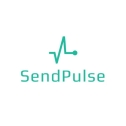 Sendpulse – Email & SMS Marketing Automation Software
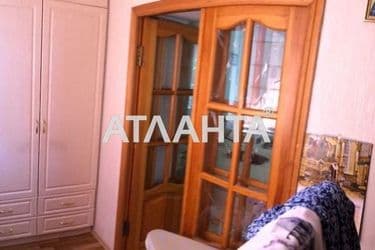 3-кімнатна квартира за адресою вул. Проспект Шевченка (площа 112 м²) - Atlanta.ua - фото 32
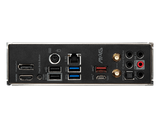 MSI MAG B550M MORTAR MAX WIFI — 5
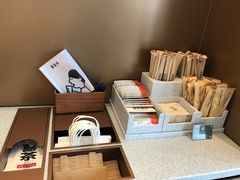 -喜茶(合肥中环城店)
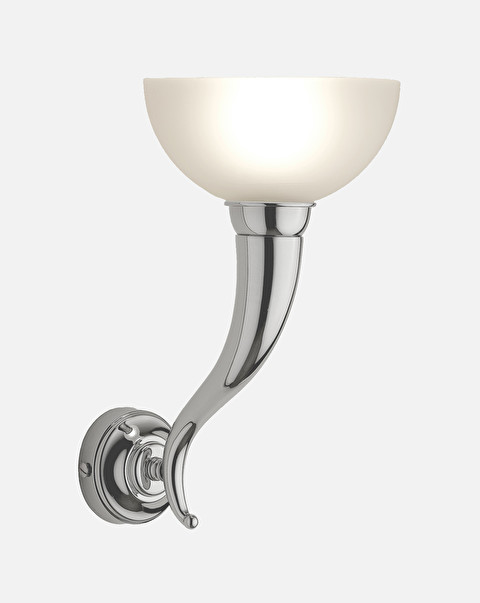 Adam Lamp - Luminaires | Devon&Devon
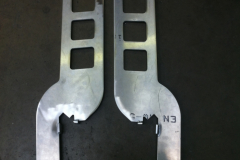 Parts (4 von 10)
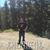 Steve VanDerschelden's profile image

AIM OF THE EXERCISE
A faithful reproduction of every entry, with no pictures, is the expected answer.

REPLY TO THE EXERCISE
 Sendpulse – Email & SMS Marketing Automation Software
 3-кімнатна квартира за адресою вул. Проспект Шевченка (площа 112 м²) - Atlanta.ua - фото 32
 MSI MAG B550M MORTAR MAX WIFI — 5
 -喜茶(合肥中环城店)
 Adam Lamp - Luminaires | Devon&Devon
 Parts (4 von 10)
 Steve VanDerschelden's profile image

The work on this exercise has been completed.